Another approach that I tried recently with colleagues class involves using the space of the classroom to map time. In this, I arranged a group behind one volunteer who sat directly in front of me. I looked at him said, 'this is the end, at the end you think of what you haven't done. What haven't you done?' The volunteer flinched visibly, surprised, then composed himself and replied that he felt broadly satisfied. I wondered if I had chosen the wrong teacher. However, he then remembered something and said:

'I haven't fixed the roof'.
'What else?' I pressed.
'I haven't taken my children out'.

He began to recount a few other incidents, which I noted and distributed on pieces of paper to the class members sitting behind them.

'So you're satisfied with your life?' I asked the volunteer sceptically.
'Yes, I have done most of what I wanted'.
'What's that?'
He was vague and talked about fulfilment.
'You have fulfilled yourself?'
'Yes, mostly'
'How?'
He talked about a sense of spiritual equilibrium. I expressed this as:
'You found a balanced life?'
'Yes finally'. They then made a list of more general achievements, both in the classroom and outside. I also compiled a list.

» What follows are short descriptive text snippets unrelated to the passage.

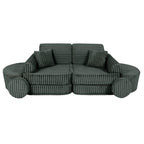 Medium Modular Sofa for Kids - Churros Forest Green Plus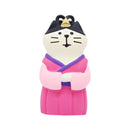 【猫まっしぐらセレクト】concombre 七夕・猫の置物ミニ-織姫猫と彦星猫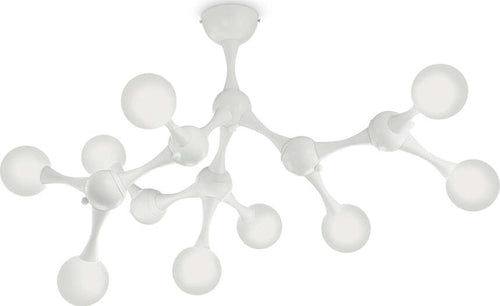 Plafoniera-Contemporanea-Nodino-Metallo-Bianco-9-Luci-G9-3W-3000K-Luce-Calda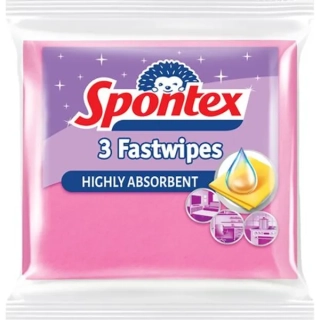 Spontex Fast Wipes utierky, 3ks/bal.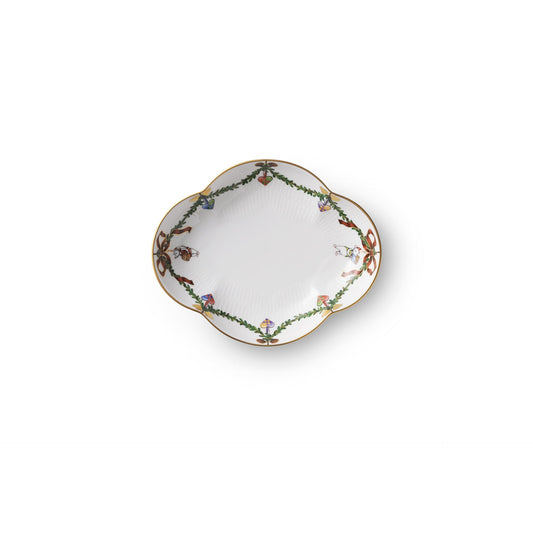 Star Fluted Christmas Dish, 17.5 cm - US 1155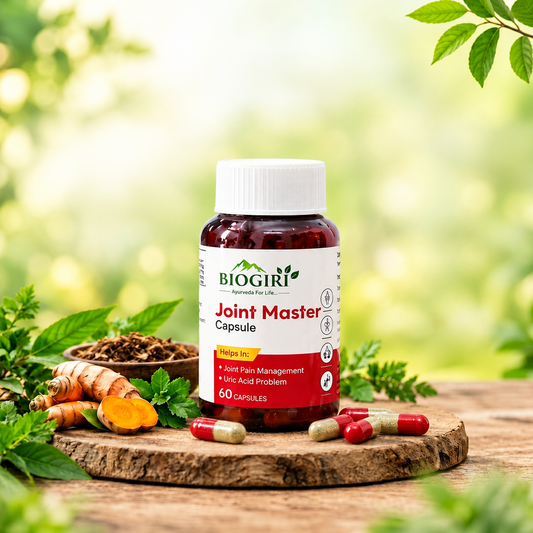 Biogiri Joint Master Capsules – Ayurvedic Joint Comfort, Mobility & Flexibility Support – 60 Capsules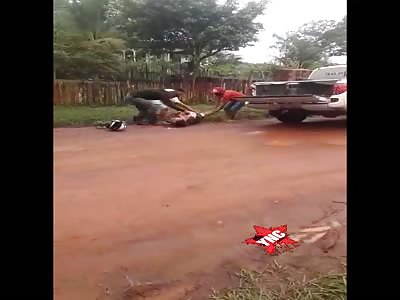 man shot in the head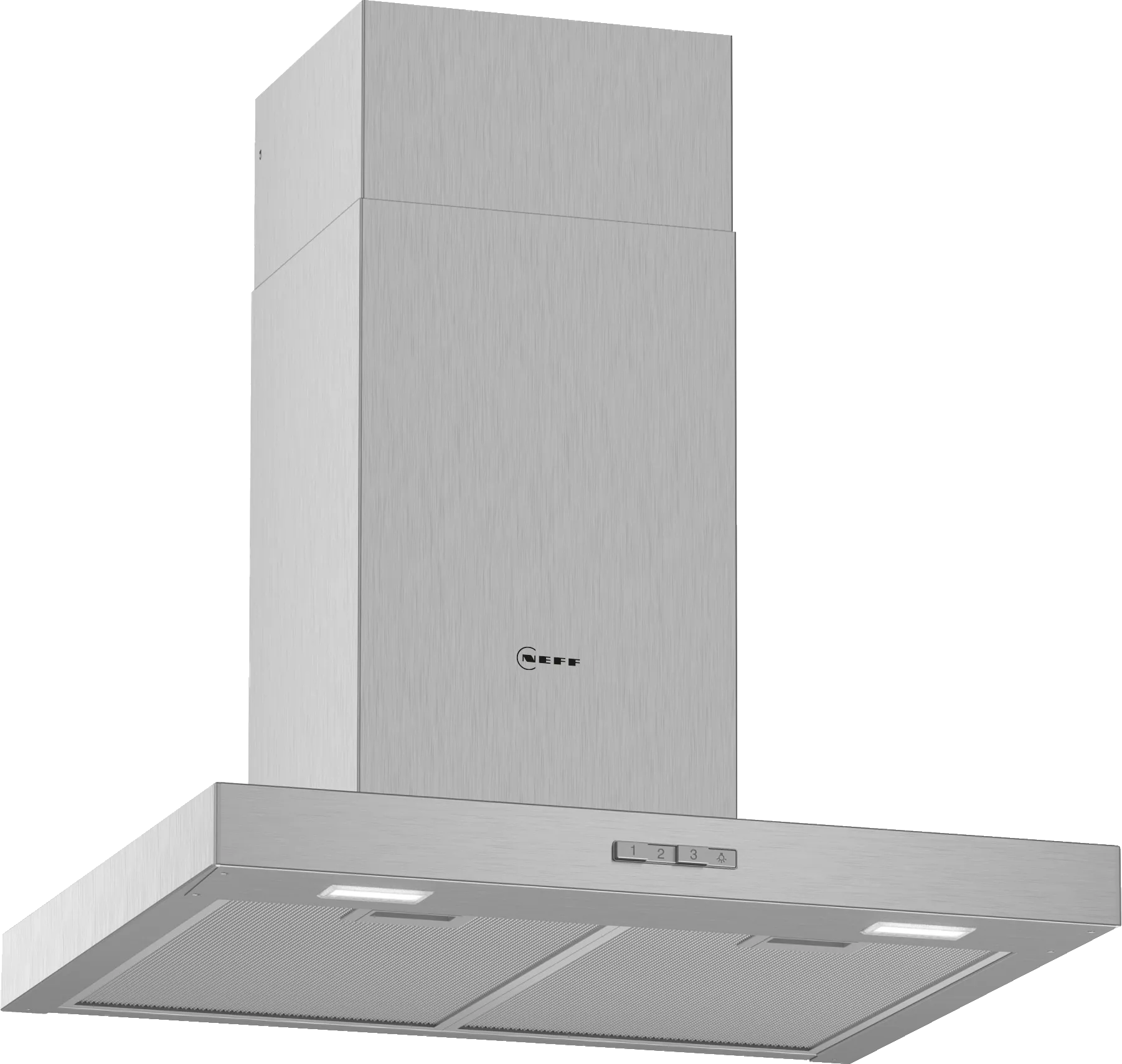 N 30 Wall-mounted cooker hood 60 cm Stainless steel 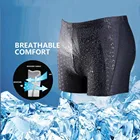 Мужские летние дышащие плавки, тонкие быстросохнущие пляжные шорты, купальник, нижнее белье, купальный костюм # p4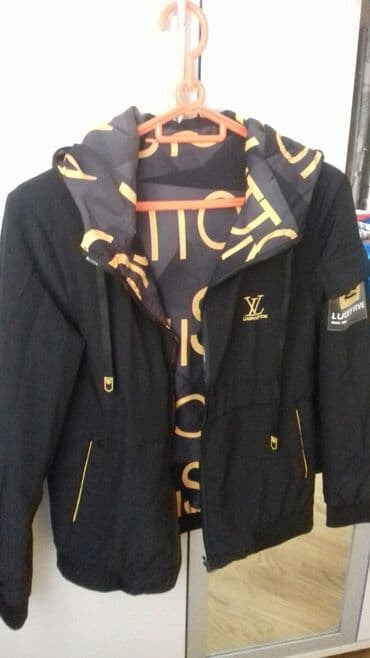 детский свитер с рисунком: 14 -15 yaş oğlan üçün kurtka iki ùzludu. Hər iki tərəfinedə geyinmək — 1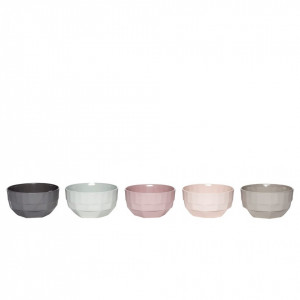 Set 5 boluri multicolore din ceramica 11 cm Ale Hubsch
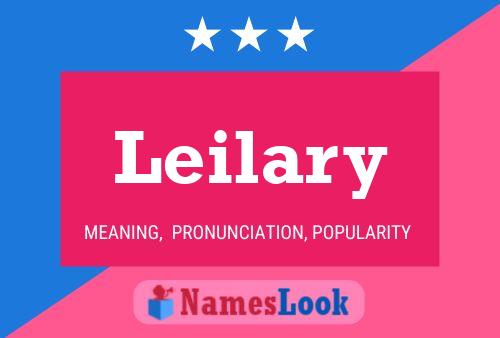 Póster del nombre Leilary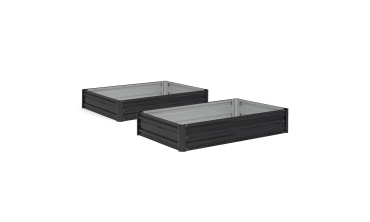 Carrés de potager en métal 115x80x20cm - lot de 2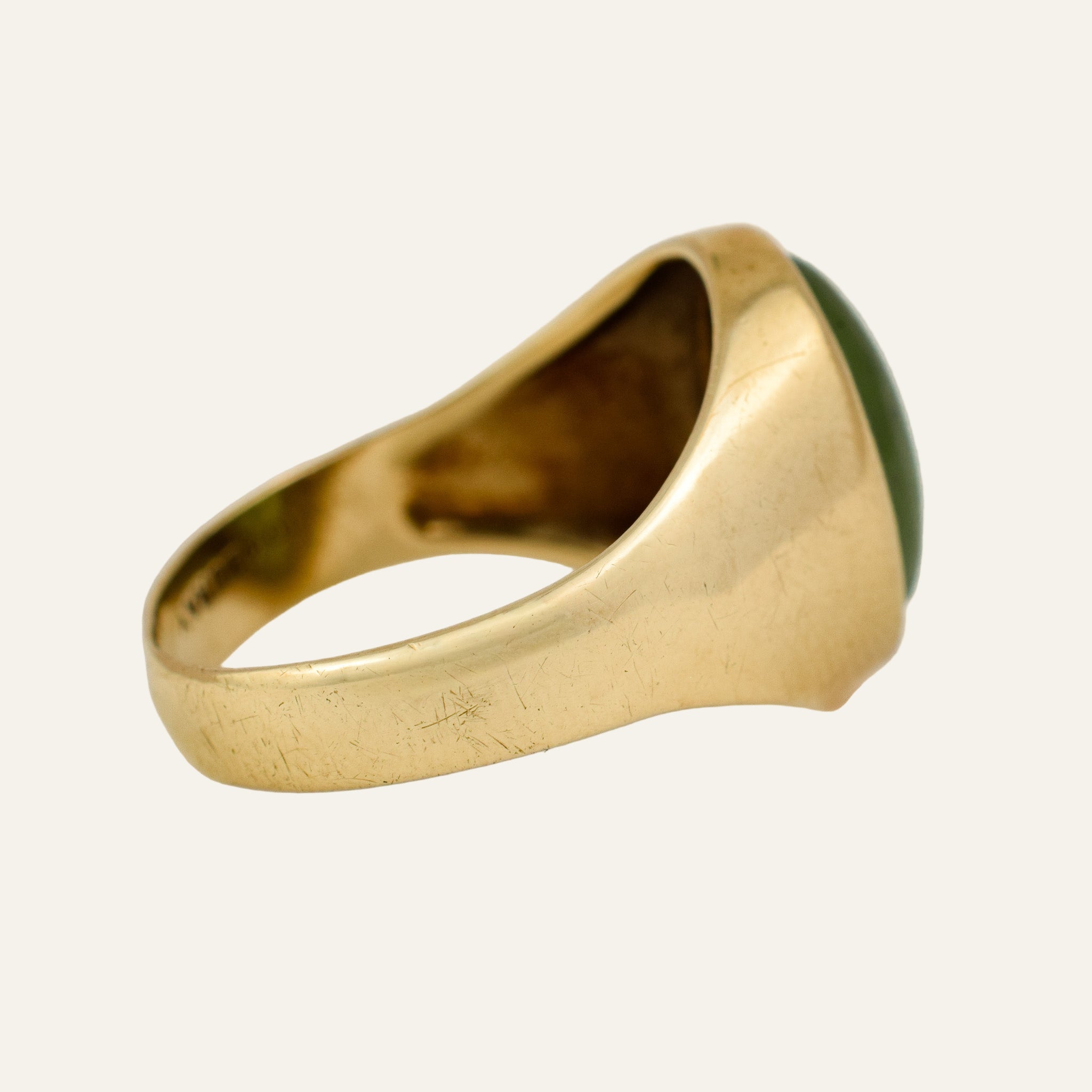 B.C. Jade Signet Ring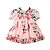 Vestido Infantil Floral em Chiffon - Imagem 2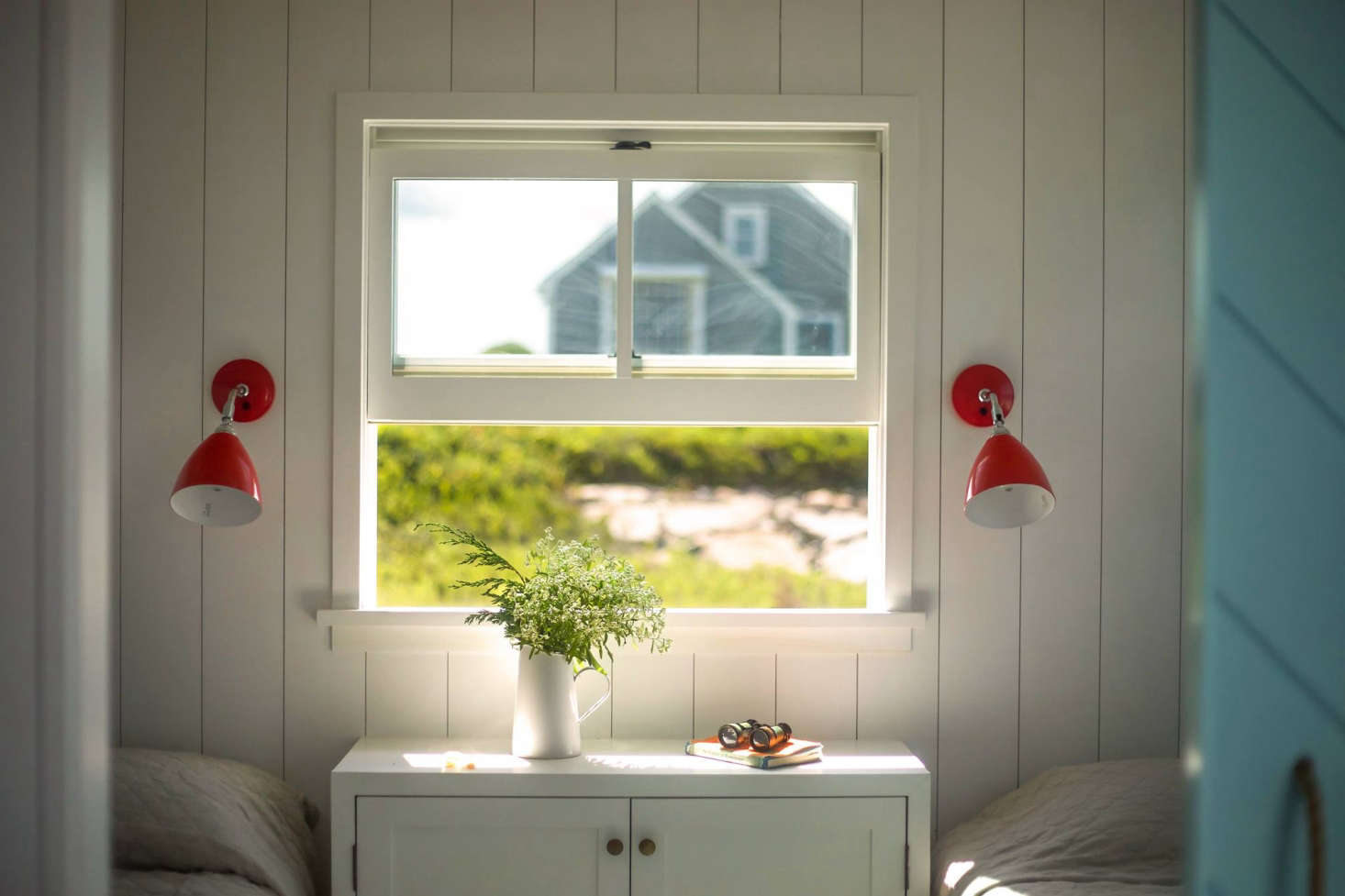 Victoria chose Original BTC Short Wall Sconces in red (they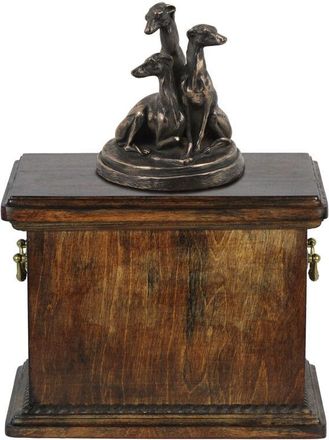 OEM Whippet, Galgo Ingl&eacute;s: Urna Para Cenizas De Perro, Urna Con Estatuilla, Urna Elegante De Estilo Cl&aacute;sico De Art-dog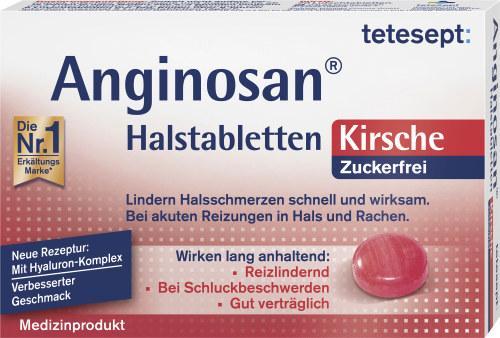 Tetesept Anginosan Halstabetten Kirsche Zuckerfrei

I gave the list to the student in front and asked him to read the first item.
'I've fulfilled myself, mostly'. I then waved a piece of paper and half-chanted:
'But you haven't fixed the roof'. I made as if to give him the paper then take it away. He maintained his equanimity.
'No'.
I got another class member to wave their paper and say something else he hadn't done. They now did this every time the volunteer in front of them spoke. They began to sound like an eerie theatrical chorus:

'What have you done?'
'I have found a balanced life'.
'You haven't taken your child out' etc.

The chorus continued, waving actions as possessed objects, then faded.

Conclusions

We are only just beginning to understand how we can develop techniques from the new cognitive understanding of language and its links to learning. Other areas I have been exploring are how cognitive linguistics can help us in the teaching of articles, prepositions, metatext (text that talks about text) and the expression of logic. I have also been looking at the schematic basis of error and at how we can devise new approaches to error correction. Such explorations will advance our interest in bringing students into the conceptual core of their target language, thus helping them to fashion its meanings in accordance with the schematic principles that it has evolved. Understanding that 'barriers are impediments to actions' for example, provides students with an insight into the use of prepositions and verbs that is associated with the expression of a failure to reach our objectives, as in 'a last-minute hitch stopped me from making the deadline'. These are the schemata from which linguistic meanings are fashioned. Setting target language examples inside them, constitutes an invitation to the student to turn away from the spurious future contexts of communicative methodology and to deal in the substance out of which a language is shaped and through which it can be effectively learnt.